I was playing The Legend of Zelda: Wind Waker for a while. What a great game, it kept going, it was fun, innovative, imaginative, and, well, more fun. The wandering around in the ocean thing got old fast, but then I got the Melody of Control or whatever, and that solved that.
And then that goddamn Triforce quest.
The whole game proceeds with action until this quest, when it suddenly turns into Errands Online. You have to find eight Triforce Charts that are scattered around the world. Then you have to get them decoded, which means getting a crapload of money. Then you have to go actually GET the triforce shards. Ugh.
Yes, I could have done it. I could have finished it in a day. But god, what a fucking boring way to spend a day off. No thanks. I traded it in and got Skies of Arcadia instead. Way to drop the fucking ball, Nintendo.

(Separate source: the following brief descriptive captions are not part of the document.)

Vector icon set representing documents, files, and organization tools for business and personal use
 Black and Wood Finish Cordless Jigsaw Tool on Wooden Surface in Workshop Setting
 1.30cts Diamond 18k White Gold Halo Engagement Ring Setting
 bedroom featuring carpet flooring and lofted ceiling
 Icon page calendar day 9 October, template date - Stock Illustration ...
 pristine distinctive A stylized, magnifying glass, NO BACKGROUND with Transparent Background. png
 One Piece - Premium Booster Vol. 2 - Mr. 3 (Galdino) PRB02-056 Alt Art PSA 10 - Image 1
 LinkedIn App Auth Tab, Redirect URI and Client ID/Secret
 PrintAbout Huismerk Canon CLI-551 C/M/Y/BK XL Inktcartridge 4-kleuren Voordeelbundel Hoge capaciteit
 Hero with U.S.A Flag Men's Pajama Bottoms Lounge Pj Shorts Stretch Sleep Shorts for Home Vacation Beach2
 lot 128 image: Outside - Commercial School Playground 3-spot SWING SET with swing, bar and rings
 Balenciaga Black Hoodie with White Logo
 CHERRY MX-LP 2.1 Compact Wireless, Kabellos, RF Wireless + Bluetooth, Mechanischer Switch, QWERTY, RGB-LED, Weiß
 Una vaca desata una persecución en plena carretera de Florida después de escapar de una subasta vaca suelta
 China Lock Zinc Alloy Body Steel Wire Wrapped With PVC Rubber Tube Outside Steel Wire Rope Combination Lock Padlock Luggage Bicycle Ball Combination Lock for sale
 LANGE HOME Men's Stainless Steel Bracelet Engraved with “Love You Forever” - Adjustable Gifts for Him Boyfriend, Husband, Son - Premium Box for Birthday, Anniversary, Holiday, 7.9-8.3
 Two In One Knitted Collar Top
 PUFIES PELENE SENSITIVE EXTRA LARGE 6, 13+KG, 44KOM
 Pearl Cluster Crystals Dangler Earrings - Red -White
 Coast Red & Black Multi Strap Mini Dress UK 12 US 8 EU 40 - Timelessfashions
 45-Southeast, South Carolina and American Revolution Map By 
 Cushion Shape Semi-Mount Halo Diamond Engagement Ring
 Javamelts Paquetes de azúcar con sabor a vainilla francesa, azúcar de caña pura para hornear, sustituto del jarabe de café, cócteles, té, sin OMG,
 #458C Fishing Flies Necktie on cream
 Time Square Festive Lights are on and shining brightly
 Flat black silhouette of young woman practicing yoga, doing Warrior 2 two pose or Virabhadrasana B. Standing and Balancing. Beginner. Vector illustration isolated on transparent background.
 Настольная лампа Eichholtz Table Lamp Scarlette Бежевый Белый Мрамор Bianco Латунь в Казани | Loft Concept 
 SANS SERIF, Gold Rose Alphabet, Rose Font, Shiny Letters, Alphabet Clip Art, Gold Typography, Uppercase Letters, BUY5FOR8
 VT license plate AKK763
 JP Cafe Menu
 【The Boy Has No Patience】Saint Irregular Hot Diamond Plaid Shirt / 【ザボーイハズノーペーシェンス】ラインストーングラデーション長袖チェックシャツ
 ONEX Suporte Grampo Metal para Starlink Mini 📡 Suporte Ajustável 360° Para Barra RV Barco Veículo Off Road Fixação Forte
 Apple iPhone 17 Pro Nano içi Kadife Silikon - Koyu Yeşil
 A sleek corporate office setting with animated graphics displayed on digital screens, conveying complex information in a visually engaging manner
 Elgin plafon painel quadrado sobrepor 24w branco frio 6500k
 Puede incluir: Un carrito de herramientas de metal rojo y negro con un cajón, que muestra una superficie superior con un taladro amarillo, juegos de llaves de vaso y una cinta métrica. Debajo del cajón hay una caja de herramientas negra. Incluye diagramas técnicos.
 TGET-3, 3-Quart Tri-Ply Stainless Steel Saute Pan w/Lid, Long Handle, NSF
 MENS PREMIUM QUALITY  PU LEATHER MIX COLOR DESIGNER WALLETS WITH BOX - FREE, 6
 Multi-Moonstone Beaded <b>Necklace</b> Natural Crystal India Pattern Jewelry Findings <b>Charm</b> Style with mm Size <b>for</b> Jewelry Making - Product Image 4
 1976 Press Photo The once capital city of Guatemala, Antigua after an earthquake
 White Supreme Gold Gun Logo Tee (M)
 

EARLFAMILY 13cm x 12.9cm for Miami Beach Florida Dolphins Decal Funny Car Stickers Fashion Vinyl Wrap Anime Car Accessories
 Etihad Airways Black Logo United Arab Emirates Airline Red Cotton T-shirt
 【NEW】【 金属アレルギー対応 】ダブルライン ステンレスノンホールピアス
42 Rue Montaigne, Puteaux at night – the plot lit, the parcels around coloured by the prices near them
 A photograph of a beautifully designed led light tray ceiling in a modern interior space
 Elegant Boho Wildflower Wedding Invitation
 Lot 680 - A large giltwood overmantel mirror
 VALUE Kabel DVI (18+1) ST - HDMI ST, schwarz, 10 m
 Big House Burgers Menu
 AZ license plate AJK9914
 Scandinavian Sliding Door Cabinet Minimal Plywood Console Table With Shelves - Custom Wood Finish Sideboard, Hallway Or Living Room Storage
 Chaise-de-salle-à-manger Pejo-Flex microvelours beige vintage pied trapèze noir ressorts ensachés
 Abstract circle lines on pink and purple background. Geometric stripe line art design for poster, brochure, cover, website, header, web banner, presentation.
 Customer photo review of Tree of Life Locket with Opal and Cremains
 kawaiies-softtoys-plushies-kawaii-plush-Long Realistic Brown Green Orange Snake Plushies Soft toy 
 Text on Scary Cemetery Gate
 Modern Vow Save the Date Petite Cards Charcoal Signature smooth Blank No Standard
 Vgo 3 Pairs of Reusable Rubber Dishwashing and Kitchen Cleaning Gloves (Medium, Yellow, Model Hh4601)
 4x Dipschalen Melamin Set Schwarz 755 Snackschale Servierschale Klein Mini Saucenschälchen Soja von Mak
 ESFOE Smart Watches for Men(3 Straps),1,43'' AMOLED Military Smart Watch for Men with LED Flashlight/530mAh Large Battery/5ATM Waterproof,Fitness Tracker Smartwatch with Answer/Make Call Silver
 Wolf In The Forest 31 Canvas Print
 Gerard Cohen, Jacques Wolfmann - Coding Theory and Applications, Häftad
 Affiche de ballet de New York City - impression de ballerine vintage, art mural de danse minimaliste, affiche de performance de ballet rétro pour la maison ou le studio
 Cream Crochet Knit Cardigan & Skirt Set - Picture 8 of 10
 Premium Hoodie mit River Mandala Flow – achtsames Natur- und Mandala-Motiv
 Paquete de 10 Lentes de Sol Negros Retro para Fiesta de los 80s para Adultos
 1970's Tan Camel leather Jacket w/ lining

Metroid was the same way. For the first half of the game, you're getting powerups left and right. Morph ball, bombs, varia suit, everything. Then it just fucking stops. You have to wander around and get a bunch of artifacts. It's easy enough to do, except you have to cross the fucking planet like four times. Ugh. No thanks. The map system didn't make life much easier either. Boooring.
Both of these games were paced very well until those spots, at which point the developers dropped tbe ball and fucked it up. If you're going to develop a game (or a movie or TV show), then there's one thing people have to do, and that's pick a pace and stick with it. SWAT did this well, Jedi Academy did this well too (er, not that I'd know of course, wink wink nudge nudge), but very few other games do.
Of course, there are notable exceptions (Final Fantasy 6 had a nice blend of action, relaxation, panic, and butterflies-in-the-breeze), but that's hard to do right.